[Start of Attachment]
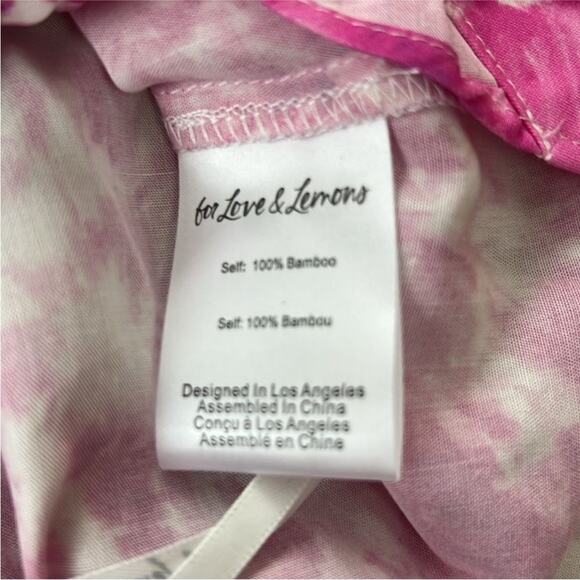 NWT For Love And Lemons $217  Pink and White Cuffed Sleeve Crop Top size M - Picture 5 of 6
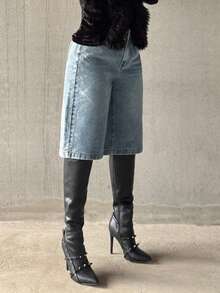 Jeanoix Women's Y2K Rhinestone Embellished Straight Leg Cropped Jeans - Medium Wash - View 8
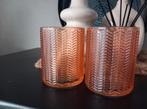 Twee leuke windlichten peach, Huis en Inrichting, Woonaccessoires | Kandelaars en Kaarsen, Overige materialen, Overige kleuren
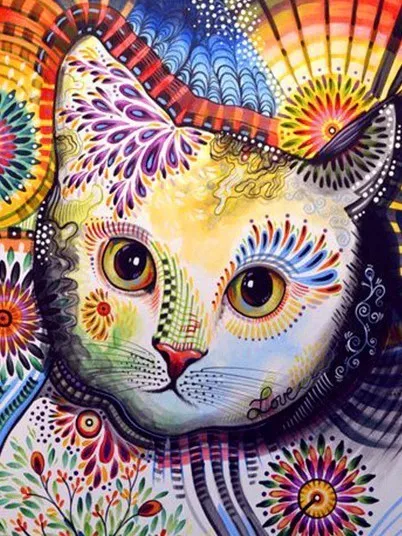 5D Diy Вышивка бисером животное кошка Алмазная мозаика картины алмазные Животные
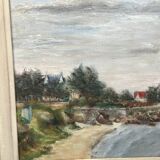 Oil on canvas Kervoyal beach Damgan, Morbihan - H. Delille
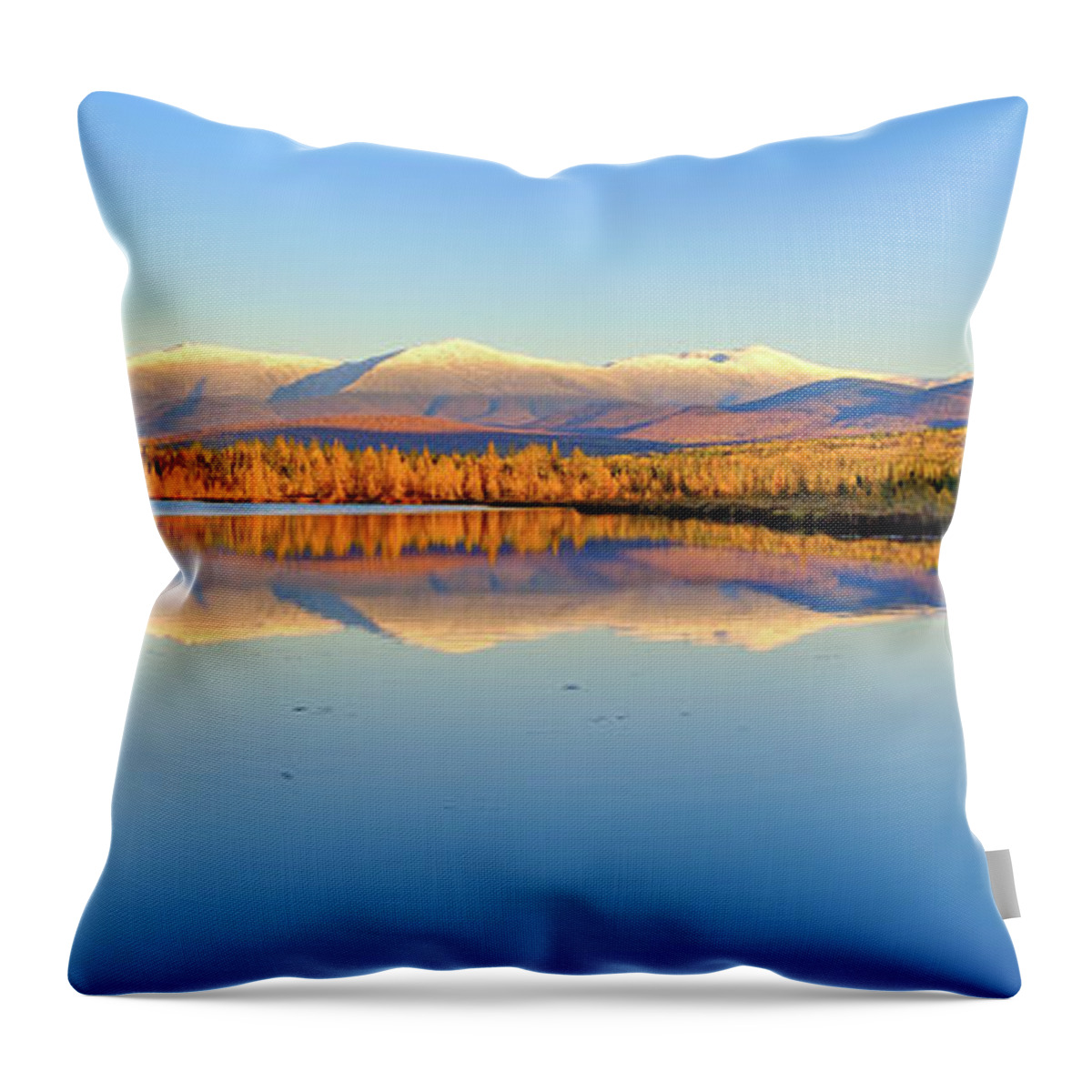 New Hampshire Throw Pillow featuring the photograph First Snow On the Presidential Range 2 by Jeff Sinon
[End of Attachment]
• **What the exercise asks**: No pictures should appear in the answer, which is to be the lines from the line with "Twee leuke windlichten" through the end of the records above, restated exactly.

• **Output for this task**:
 Twee leuke windlichten peach, Huis en Inrichting, Woonaccessoires | Kandelaars en Kaarsen, Overige materialen, Overige kleuren
 5D Diy Вышивка бисером животное кошка Алмазная мозаика картины алмазные Животные
 Oil on canvas Kervoyal beach Damgan, Morbihan - H. Delille
 New Hampshire Throw Pillow featuring the photograph First Snow On the Presidential Range 2 by Jeff Sinon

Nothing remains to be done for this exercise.